Dollar SignThe largest, market-leading ISPs in the U.S. stand to lose some $2 billion per month in subscriber revenues as the U.S. Internet market opens up to more competition, according to a report from broadband research provider Point Topic aimed at gauging the impact that increased competition would have on U.S. broadband.

U.S. broadband penetration lags countries with much lower levels of per capita income despite being the capitol of digital technology and the world’s largest Internet companies.
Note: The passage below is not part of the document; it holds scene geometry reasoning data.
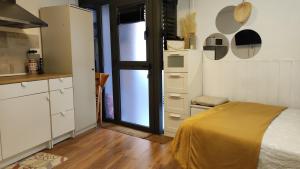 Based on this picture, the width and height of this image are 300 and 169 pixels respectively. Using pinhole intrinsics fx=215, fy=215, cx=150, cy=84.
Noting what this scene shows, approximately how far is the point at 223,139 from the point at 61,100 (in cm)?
205

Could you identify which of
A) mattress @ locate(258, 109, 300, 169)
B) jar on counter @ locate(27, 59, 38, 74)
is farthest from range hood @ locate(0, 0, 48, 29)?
mattress @ locate(258, 109, 300, 169)

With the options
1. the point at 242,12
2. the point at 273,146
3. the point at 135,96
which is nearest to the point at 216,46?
the point at 242,12

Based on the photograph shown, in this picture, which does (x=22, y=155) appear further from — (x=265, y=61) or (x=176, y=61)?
(x=265, y=61)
The U.S. isn’t the world’s largest broadband market (on a purchasing power basis China is) or the most competitive, Point Topic highlights in a press release.

Point Topic believes competition in the U.S. broadband market is poised to heat up considerably, citing recent statements by the FCC and President Obama regarding a lack of competition. Consumers often have “fewer service providers with less tariff choice and at higher prices than they would like,” Point Topic says.
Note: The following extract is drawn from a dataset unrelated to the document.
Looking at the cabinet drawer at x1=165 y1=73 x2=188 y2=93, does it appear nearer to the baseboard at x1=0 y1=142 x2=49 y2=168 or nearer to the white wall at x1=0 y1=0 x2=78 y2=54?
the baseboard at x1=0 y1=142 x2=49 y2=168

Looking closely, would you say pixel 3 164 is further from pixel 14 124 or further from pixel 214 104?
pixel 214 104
Encouraging municipal broadband deployment and requiring broadband providers to allow other potential providers to purchase connectivity on their networks would be a “major step in stimulating competition,” the researchers said.

Analyzing model broadband rates using data from its Global Broadband Statistics and Broadband Operators and Tariffs services, Point Topic determined high, medium and low monthly broadband tariff levels of $299.99, $69.48 and $14.99/ month, respectively, in the U.S. In China the corresponding average price levels are $110.49, $47.72 and $22.72 for China, Point Topic says.

Point Topic estimates that U.S. service providers generate around $5.3 billion per month in subscription revenue, “but with the relatively high penetration of the market there is little ‘new’ money to go for” – unlike in China, which has more room for market growth.

Gauging the Impact of Broadband Competition
In order to gain a sense of what would happen should the U.S. broadband market be opened up to more competition, Point Topic substituted U.K. monthly residential broadband prices for U.S. prices and assumed that about 10% of all subscribers buy service in the highest tariff, 20% on the middle tariff and 70% on the lowest rung. The company based those percentages on what it has measured in the U.K. market.

That analysis is what yielded researchers’ estimated $2 billion drop in monthly residential broadband subscription revenues for U.S. providers in a more competitive market.

Commenting on the results, Point Topic stated: “Whether the industry in the US could bear this is questionable but it seems, at the moment, likely that some version of increased competition will drive prices down in the next five years.

“Missing out on subscription revenue makes it difficult for the supplier companies. Decreasing revenues are particularly hard to handle when a sector has adjusted to super-normal profits which certainly seems to be the case in the U.S.”